• **WORK TO COMPLETE**
Using the data below, print exactly the line with "The Children’s Place", the line with "Women Genuine Leather", and every line between them, but none of the pictures.

• **Short descriptive text snippets**

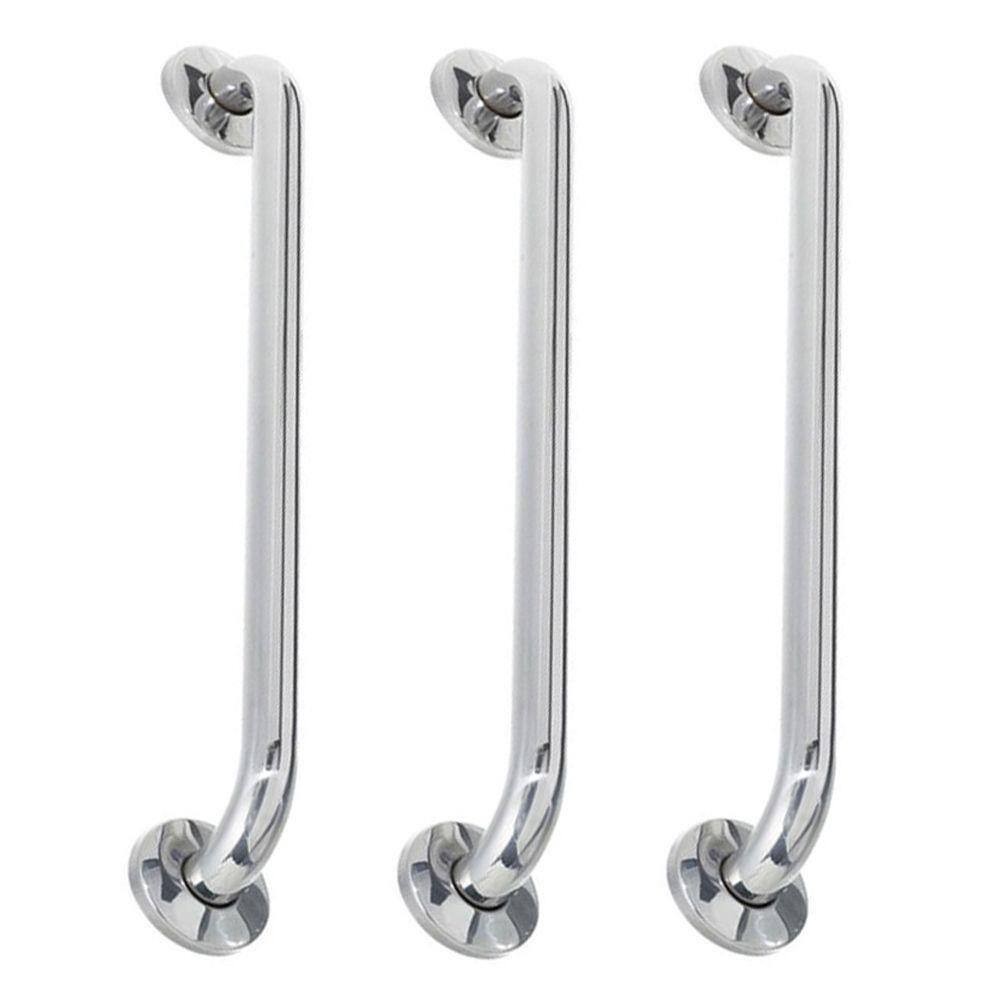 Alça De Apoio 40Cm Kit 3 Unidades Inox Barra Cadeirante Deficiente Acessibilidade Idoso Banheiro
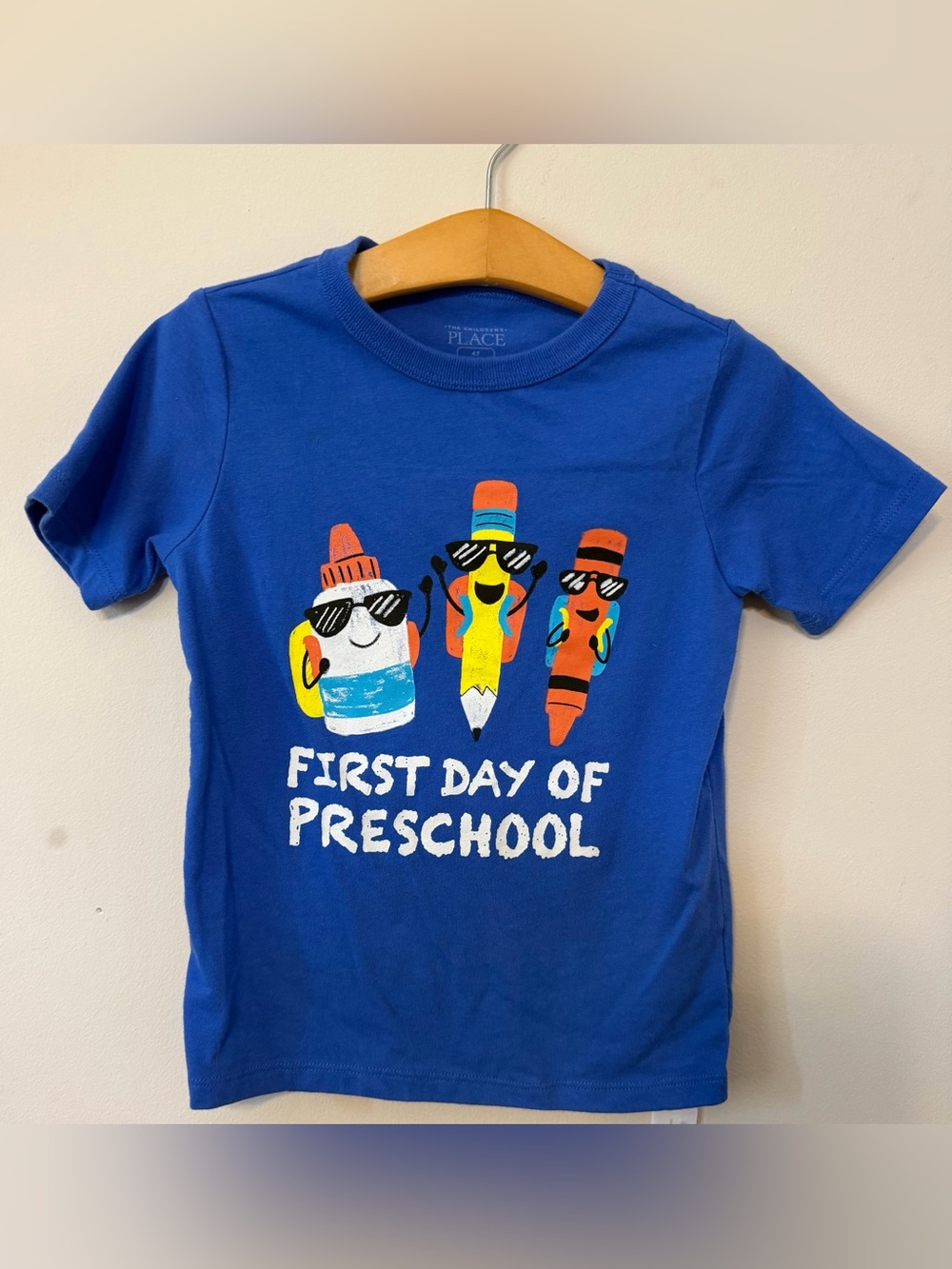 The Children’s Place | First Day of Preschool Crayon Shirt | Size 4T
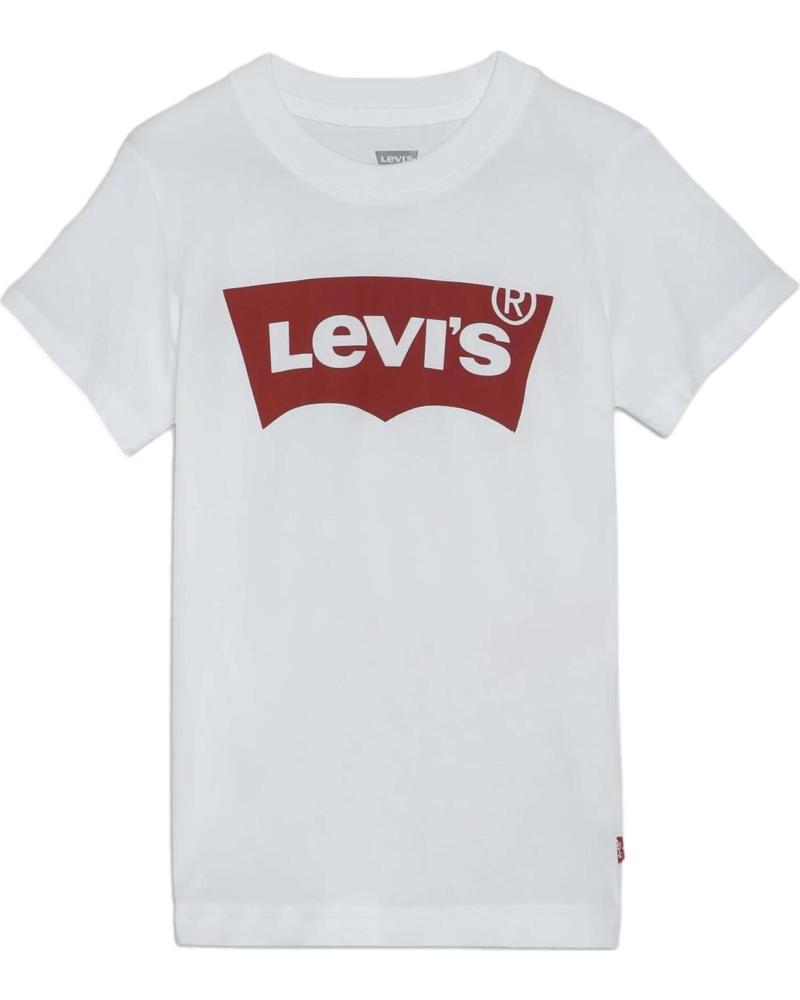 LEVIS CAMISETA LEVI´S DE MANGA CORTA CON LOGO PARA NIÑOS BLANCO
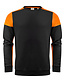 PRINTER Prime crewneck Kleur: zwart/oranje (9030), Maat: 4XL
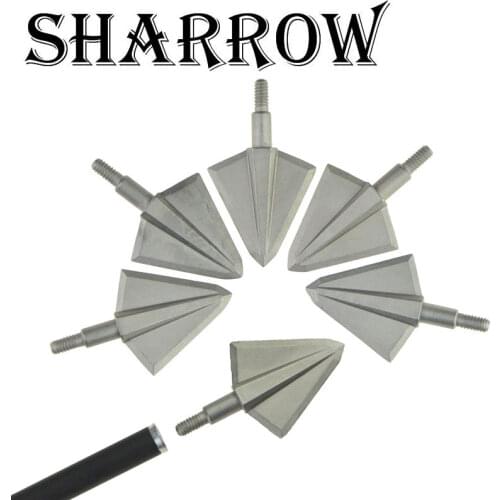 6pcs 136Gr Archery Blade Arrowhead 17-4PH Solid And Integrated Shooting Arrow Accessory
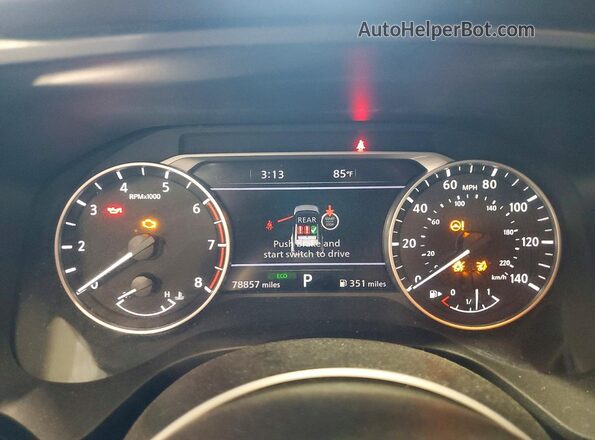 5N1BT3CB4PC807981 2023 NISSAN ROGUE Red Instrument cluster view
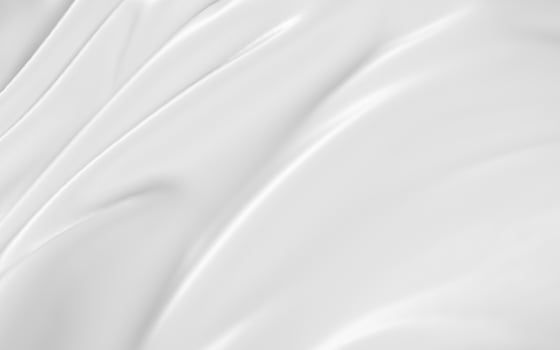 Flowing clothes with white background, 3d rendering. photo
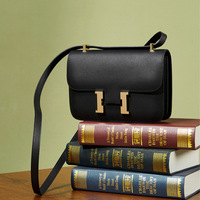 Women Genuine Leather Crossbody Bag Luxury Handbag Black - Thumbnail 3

---

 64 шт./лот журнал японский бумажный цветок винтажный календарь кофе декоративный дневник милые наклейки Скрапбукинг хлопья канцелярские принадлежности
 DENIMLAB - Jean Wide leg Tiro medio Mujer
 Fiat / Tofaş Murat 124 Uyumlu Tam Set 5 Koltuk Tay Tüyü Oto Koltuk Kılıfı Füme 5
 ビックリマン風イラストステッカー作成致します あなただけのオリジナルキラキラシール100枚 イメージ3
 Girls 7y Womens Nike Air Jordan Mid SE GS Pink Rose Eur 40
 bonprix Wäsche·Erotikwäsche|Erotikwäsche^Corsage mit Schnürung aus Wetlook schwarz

• **ANSWER BOX**
 The Children’s Place | First Day of Preschool Crayon Shirt | Size 4T
 LEVIS CAMISETA LEVI´S DE MANGA CORTA CON LOGO PARA NIÑOS BLANCO
 PRINTER Prime crewneck Kleur: zwart/oranje (9030), Maat: 4XL
 6pcs 136Gr Archery Blade Arrowhead 17-4PH Solid And Integrated Shooting Arrow Accessory
 5N1BT3CB4PC807981 2023 NISSAN ROGUE Red Instrument cluster view
 Flowing clothes with white background, 3d rendering. photo
 Women Genuine Leather Crossbody Bag Luxury Handbag Black - Thumbnail 3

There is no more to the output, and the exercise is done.